Scraped caption text data

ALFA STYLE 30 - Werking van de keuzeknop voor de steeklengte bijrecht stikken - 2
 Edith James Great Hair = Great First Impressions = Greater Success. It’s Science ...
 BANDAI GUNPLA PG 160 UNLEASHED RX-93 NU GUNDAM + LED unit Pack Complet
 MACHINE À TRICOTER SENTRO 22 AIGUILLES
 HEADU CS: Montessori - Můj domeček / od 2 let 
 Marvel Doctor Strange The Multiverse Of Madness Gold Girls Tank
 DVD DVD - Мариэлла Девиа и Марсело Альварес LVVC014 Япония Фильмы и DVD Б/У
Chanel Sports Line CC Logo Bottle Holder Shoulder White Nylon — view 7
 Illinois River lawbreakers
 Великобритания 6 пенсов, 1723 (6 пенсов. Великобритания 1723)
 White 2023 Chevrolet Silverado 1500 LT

Try it - Look over the records above, and wherever a line contains the string "White", copy that line.

Completed exercise -
Chanel Sports Line CC Logo Bottle Holder Shoulder White Nylon — view 7
 White 2023 Chevrolet Silverado 1500 LT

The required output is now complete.